BEGIN

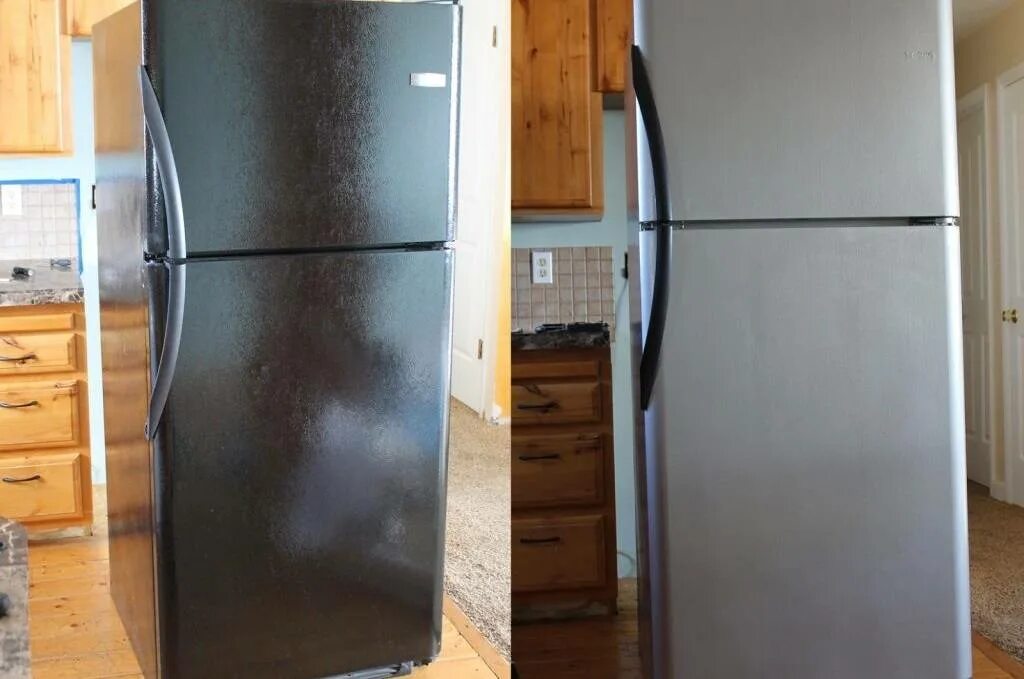Покрасить холодильник в домашних условиях какой краской. Покрасить холодильник. Перекрашенный холодильник. Перекраска холодильника. Цвет холодильника нержавеющая сталь.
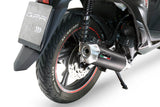 Honda SH150i 2024-2026 GPR Tech 26L Aluminum Top Case, Silver, with roof rack and mounting plate - photo 6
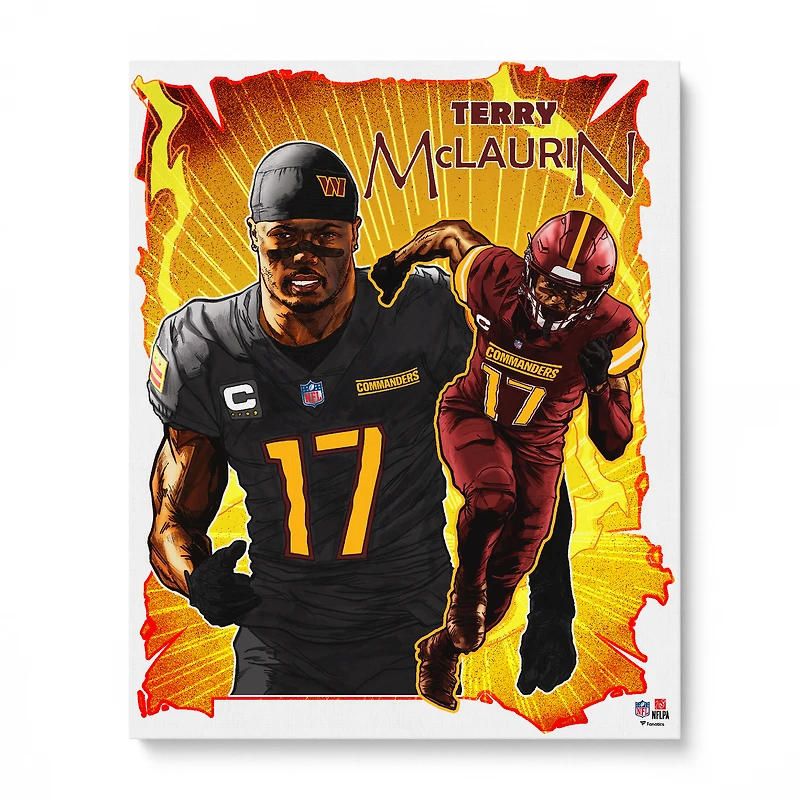 Terry McLaurin Washington Commanders Unsigned 16" x 20" Photo Print - Art by Brian Kong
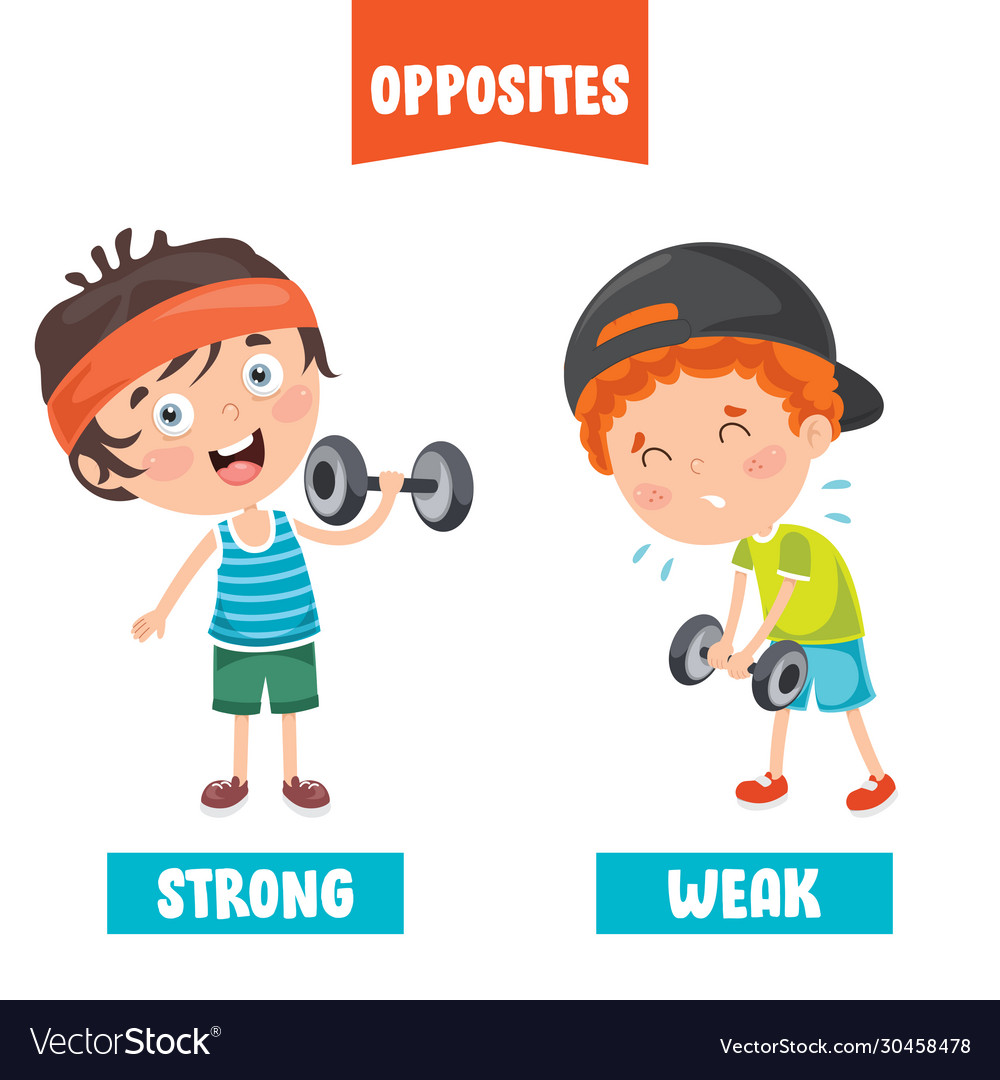 Strong And Weak Royalty Free Vector Image VectorStock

END

WHAT YOU ARE ASKED TO DO
Please retype the lines from the one that contains "Terry McLaurin Washington" through the final line of the data, both included, without any pictures.

REPLY TO THE EXERCISE
 Terry McLaurin Washington Commanders Unsigned 16" x 20" Photo Print - Art by Brian Kong
 Strong And Weak Royalty Free Vector Image VectorStock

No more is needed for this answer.